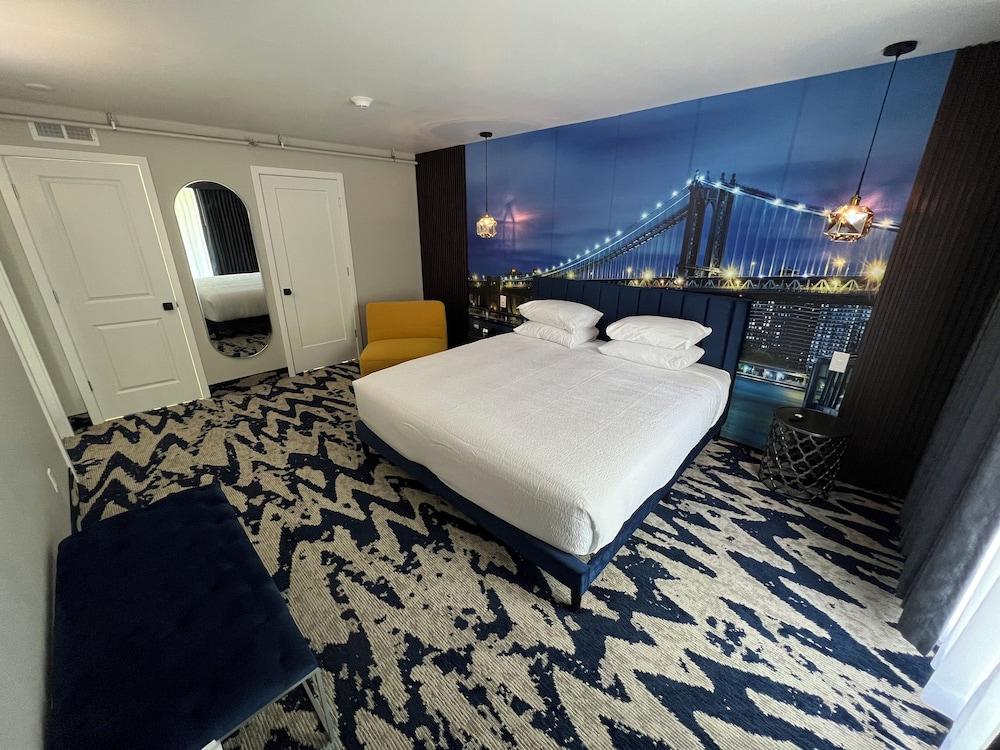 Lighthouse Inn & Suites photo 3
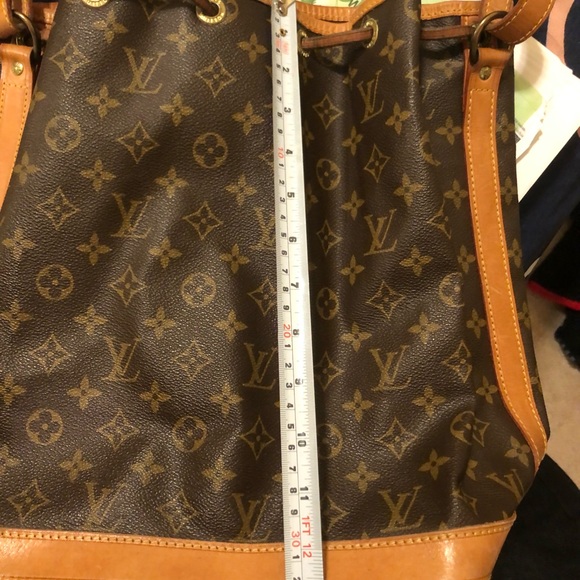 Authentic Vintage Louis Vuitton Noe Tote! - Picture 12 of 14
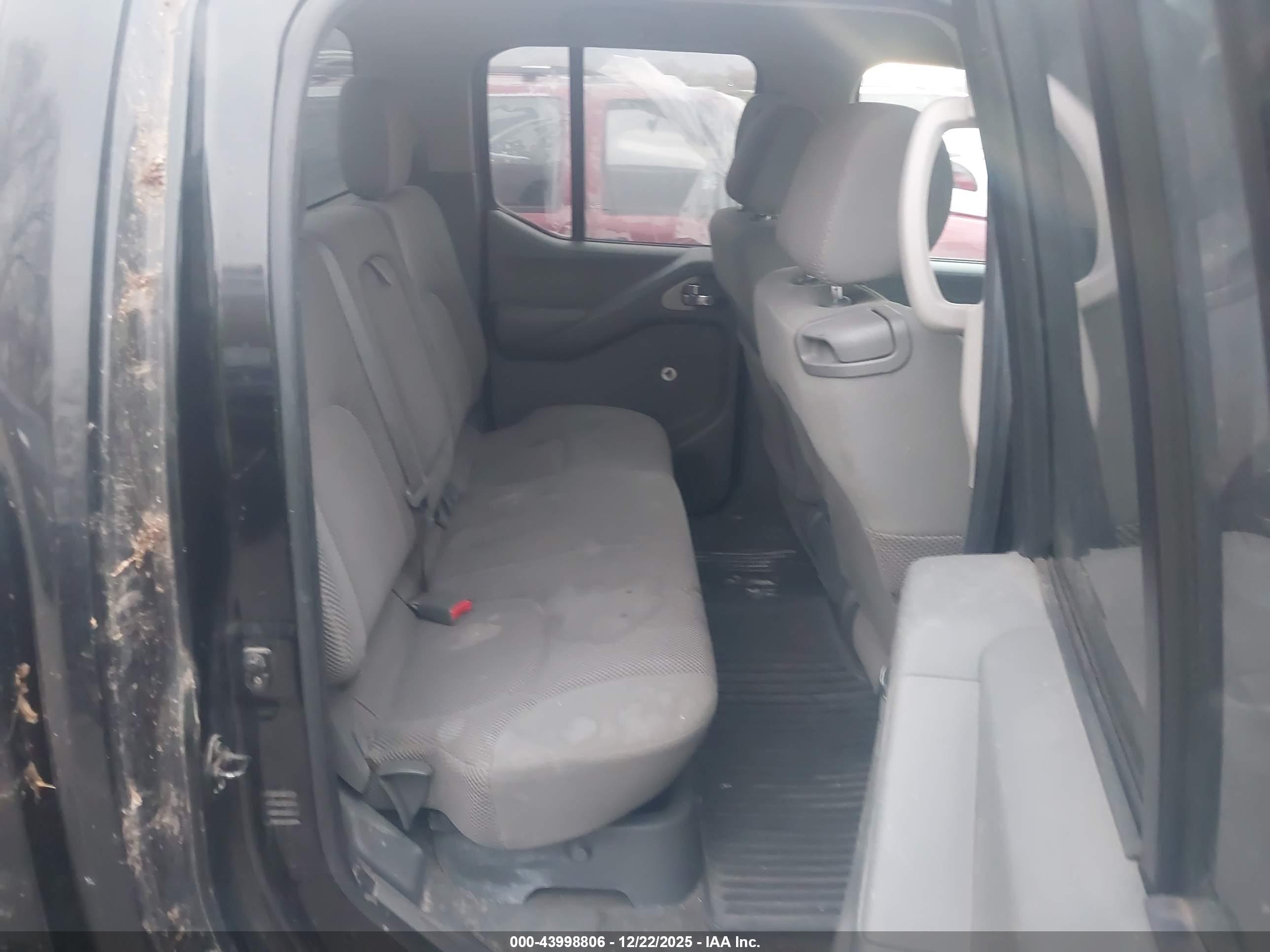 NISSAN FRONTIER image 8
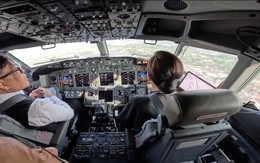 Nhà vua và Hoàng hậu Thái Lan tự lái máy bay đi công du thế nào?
—————
◆ Instructions to follow ◆
Every line above goes into the copy unchanged; the pictures do not.

◆ Result below ◆
 Lighthouse Inn & Suites photo 3
 Authentic Vintage Louis Vuitton Noe Tote! - Picture 12 of 14
 NISSAN FRONTIER image 8
 Nhà vua và Hoàng hậu Thái Lan tự lái máy bay đi công du thế nào?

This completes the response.